* _Collected data_

────────

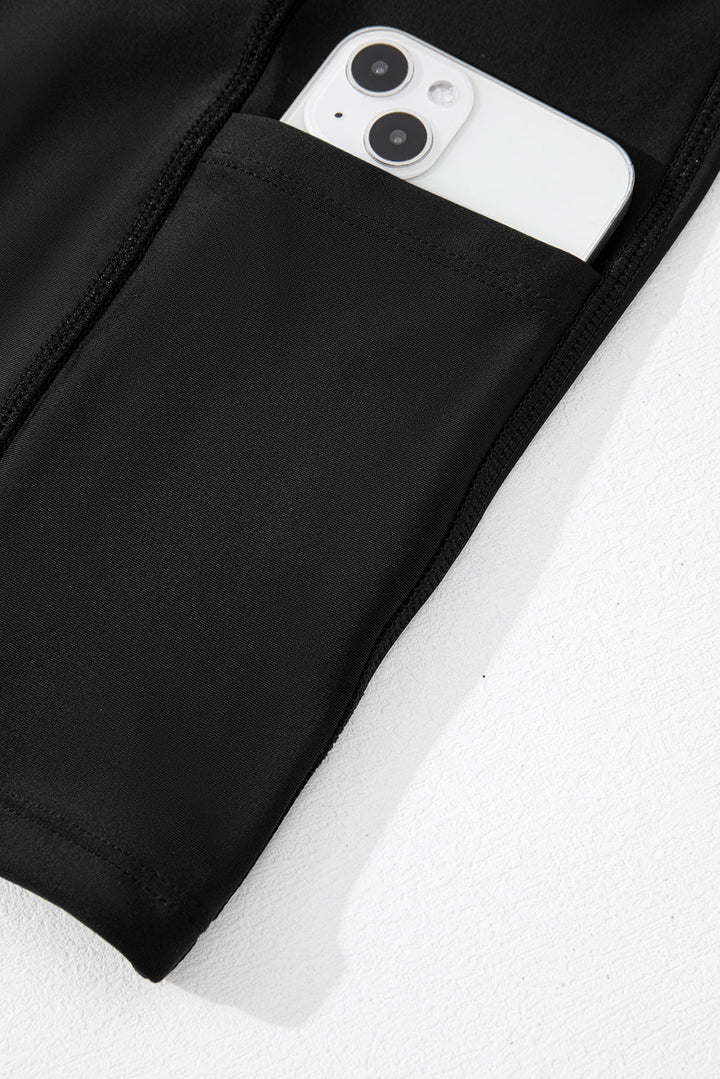 solid pocketed crossover high waist swim skort 1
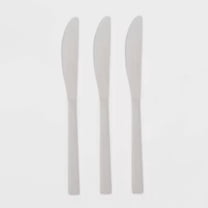 3pc Knife Set - Room Essentials: Stainless Steel Dinner Knives, Dishwasher-Safe, Silver, Service for 3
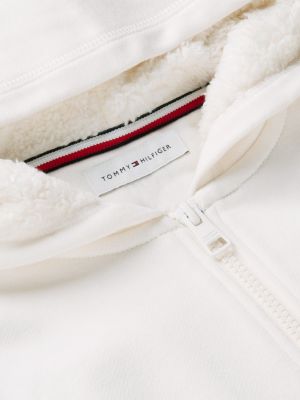 Детское худи Tommy Hilfiger Zip Sherpa, цвет: Белый — фото 7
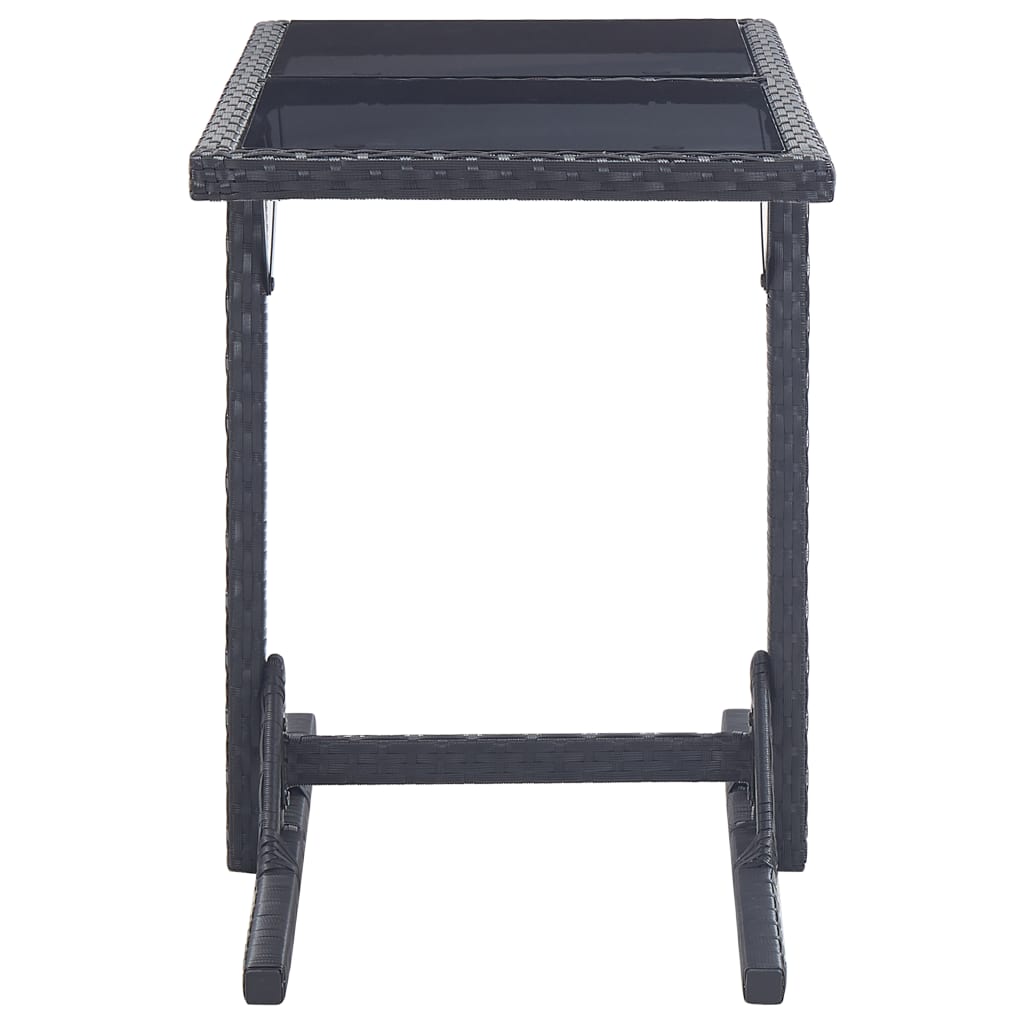 Gartentisch Schwarz 110×53×72 cm Glas und Poly Rattan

────────

* _Exercise instructions_
Output the full material exactly as given, without its pictures.

* _Response to this task_
 solid pocketed crossover high waist swim skort 1
 3pc Knife Set - Room Essentials: Stainless Steel Dinner Knives, Dishwasher-Safe, Silver, Service for 3
 Детское худи Tommy Hilfiger Zip Sherpa, цвет: Белый — фото 7
 Gartentisch Schwarz 110×53×72 cm Glas und Poly Rattan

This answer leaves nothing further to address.